» YOUR TASK: Pictures aside, repeat all the entries below exactly as they appear.

» Records from a data source:

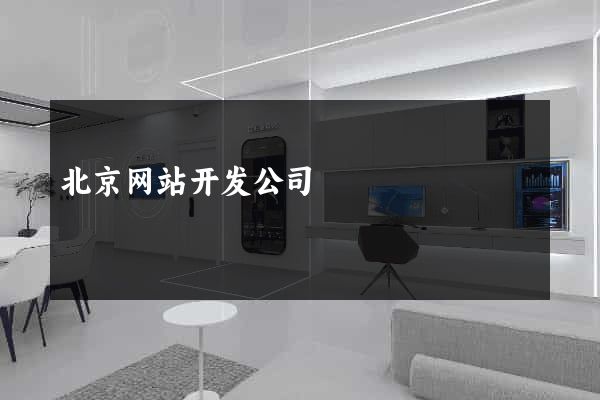 北京网站开发公司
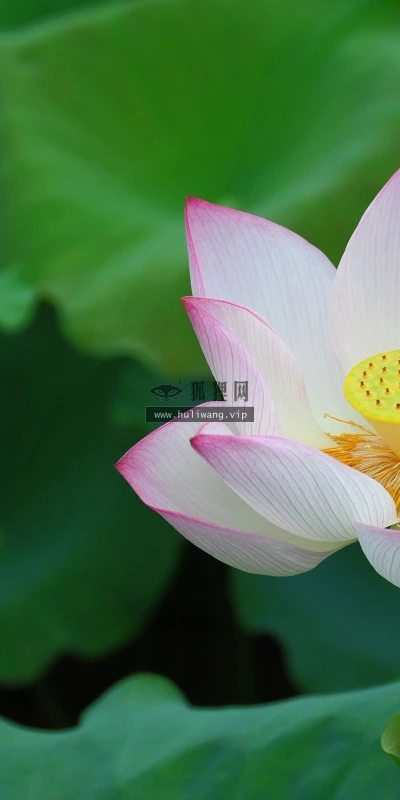 【24705】植物壁纸  2K 高清壁纸2560_1600@青蛙壁纸-笨猫小站
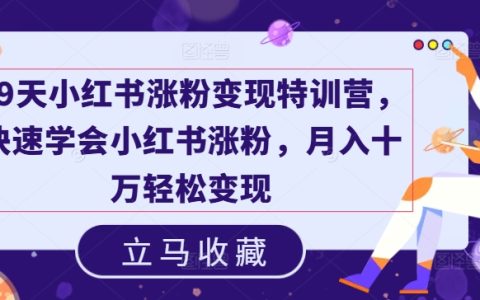 19天小红书粉丝增长与变现特训班，高效学习涨粉技巧，月入十万不是梦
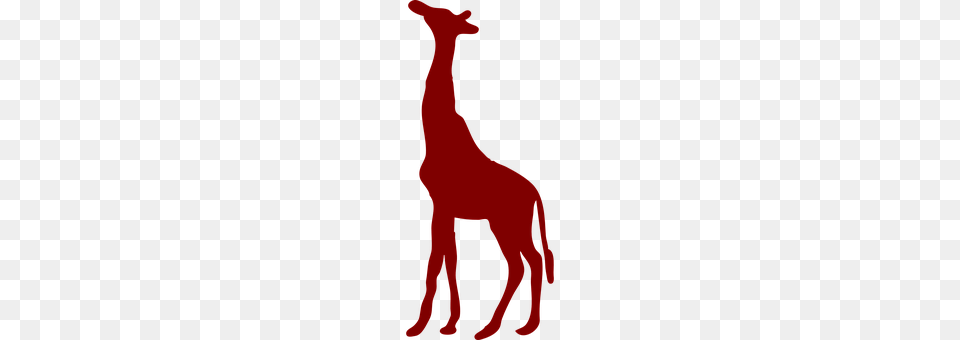 Giraffe Animal, Adult, Female, Person Png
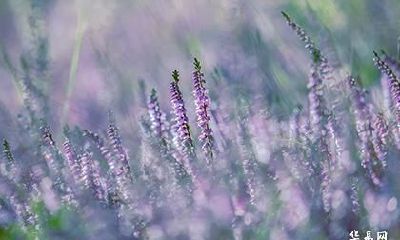 喜用神是金水可以只用金取名吗 喜用神是金水名字推荐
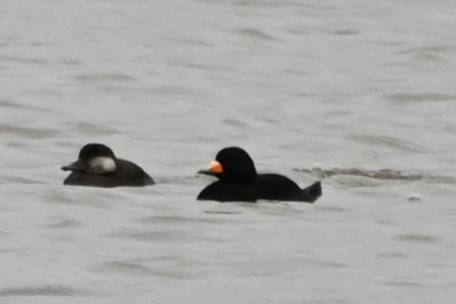 クロガモ - ML644491690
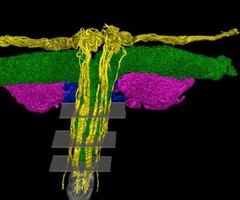 Какво трябва да знаем за клитора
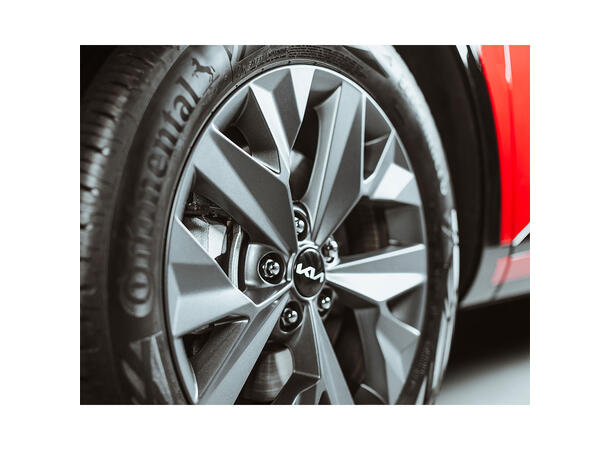 Autoglym Advanced All Wheel Cleaner Advanced All Wheel Cleaner, 2,5L 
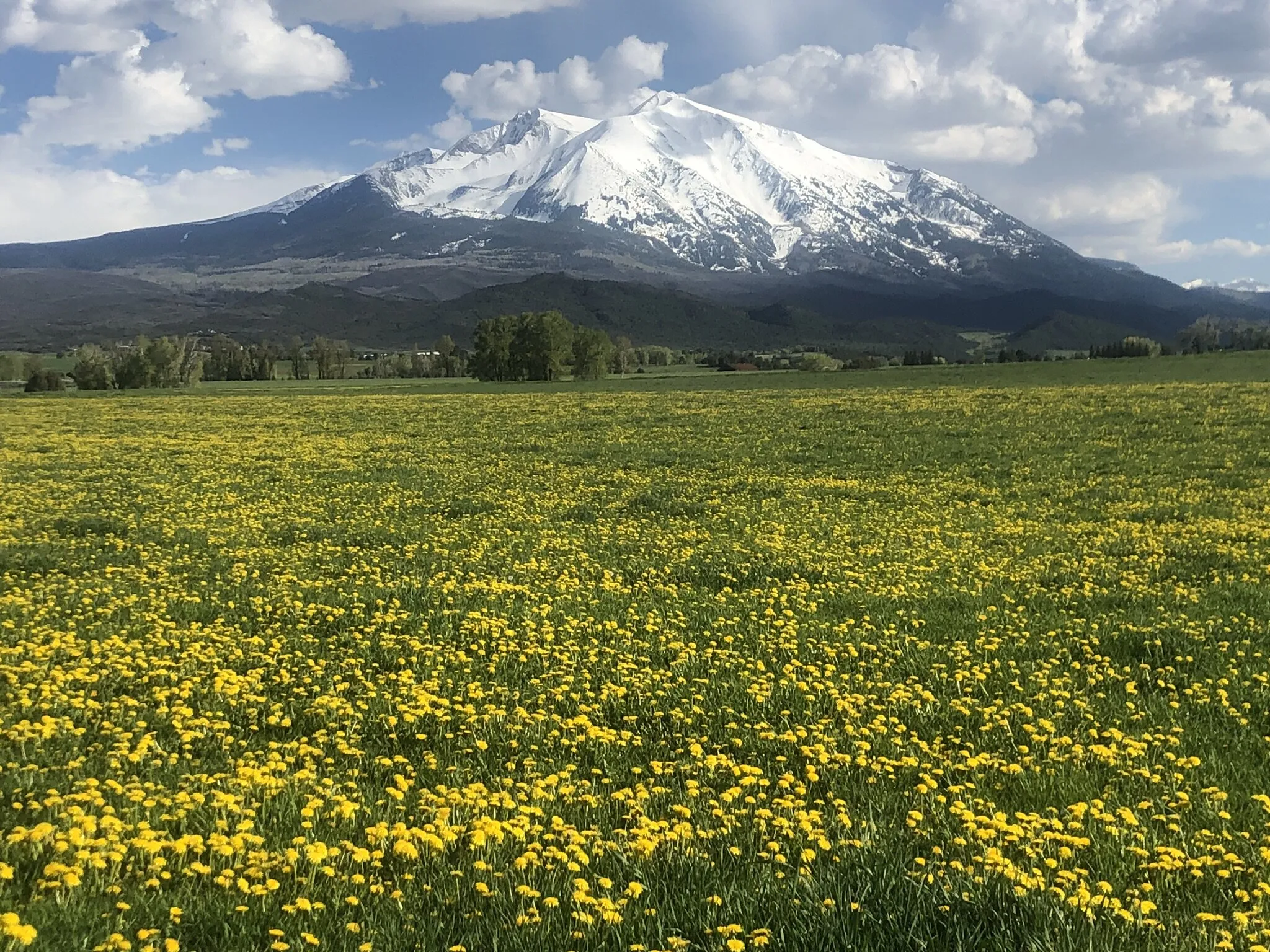 Mount Sopris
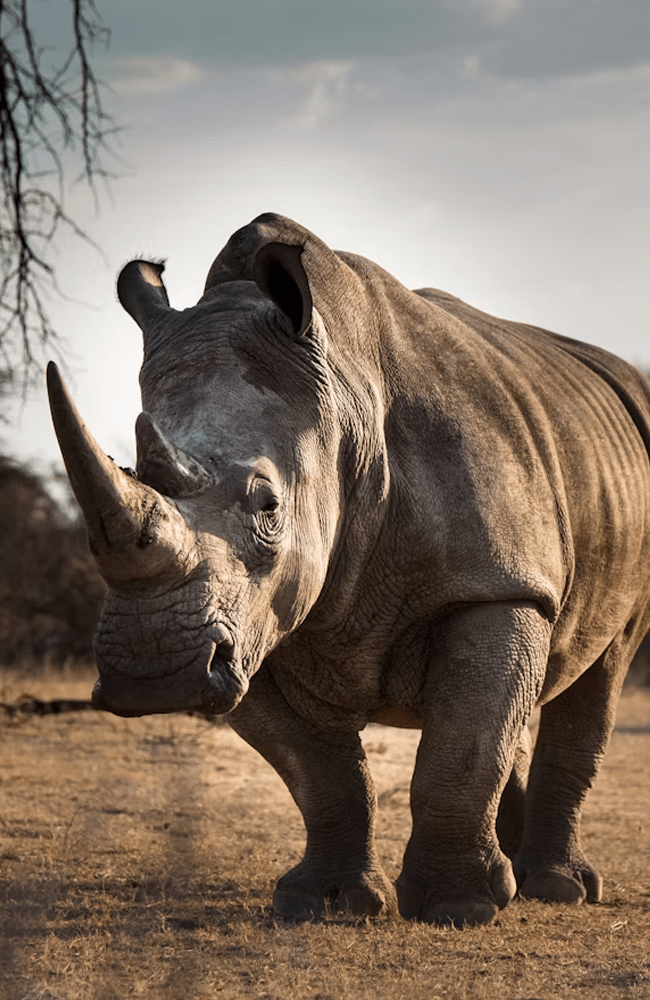 Rhino-1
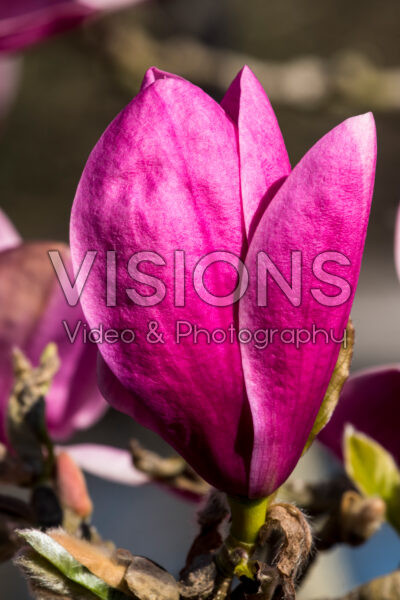 Magnolia Royal Purple Magnolia Royal Purple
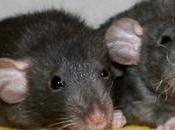 Rats: bébés Harina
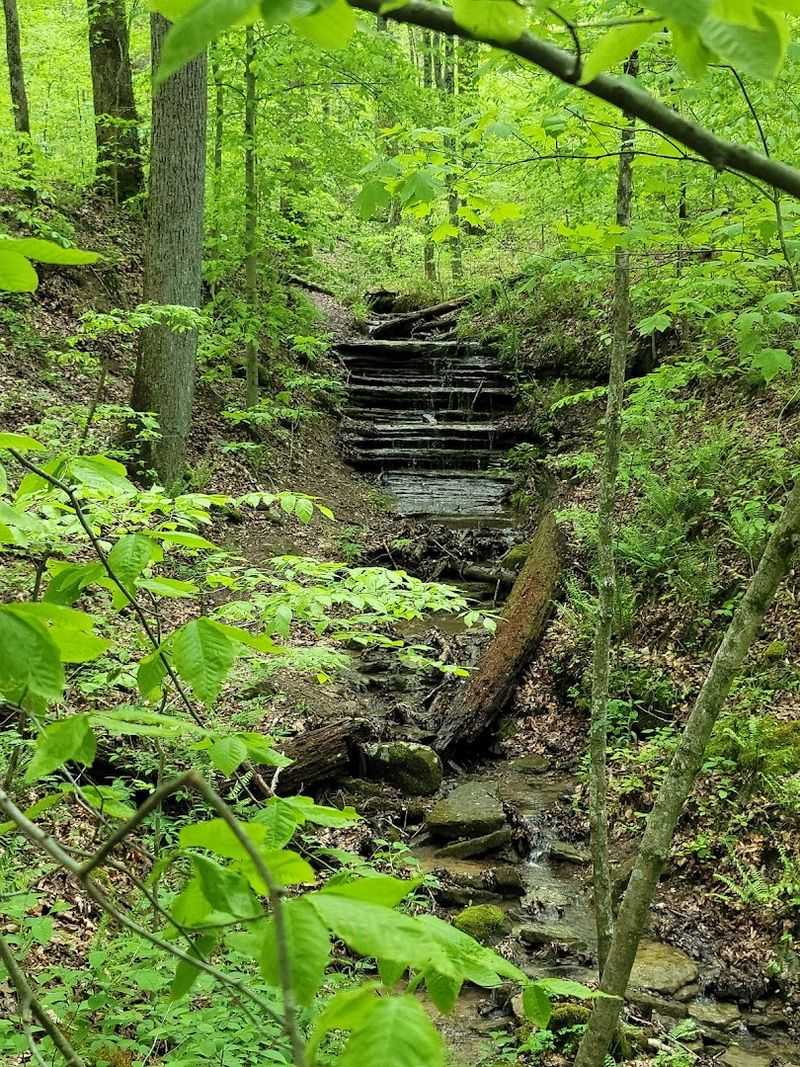 What the Hemlock Cliffs Trail Actually Looks Like What the Hemlock Cliffs Trail Actually Looks Like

» TASK SOLUTION:
 北京网站开发公司
 【24705】植物壁纸  2K 高清壁纸2560_1600@青蛙壁纸-笨猫小站
 19天小红书粉丝增长与变现特训班，高效学习涨粉技巧，月入十万不是梦
 Giraffe Animal, Adult, Female, Person Png
 喜用神是金水可以只用金取名吗 喜用神是金水名字推荐
 クロガモ - ML644491690
 Какво трябва да знаем за клитора
 Autoglym Advanced All Wheel Cleaner Advanced All Wheel Cleaner, 2,5L 
 Mount Sopris
 Rhino-1
 Magnolia Royal Purple Magnolia Royal Purple
 Rats: bébés Harina
 What the Hemlock Cliffs Trail Actually Looks Like What the Hemlock Cliffs Trail Actually Looks Like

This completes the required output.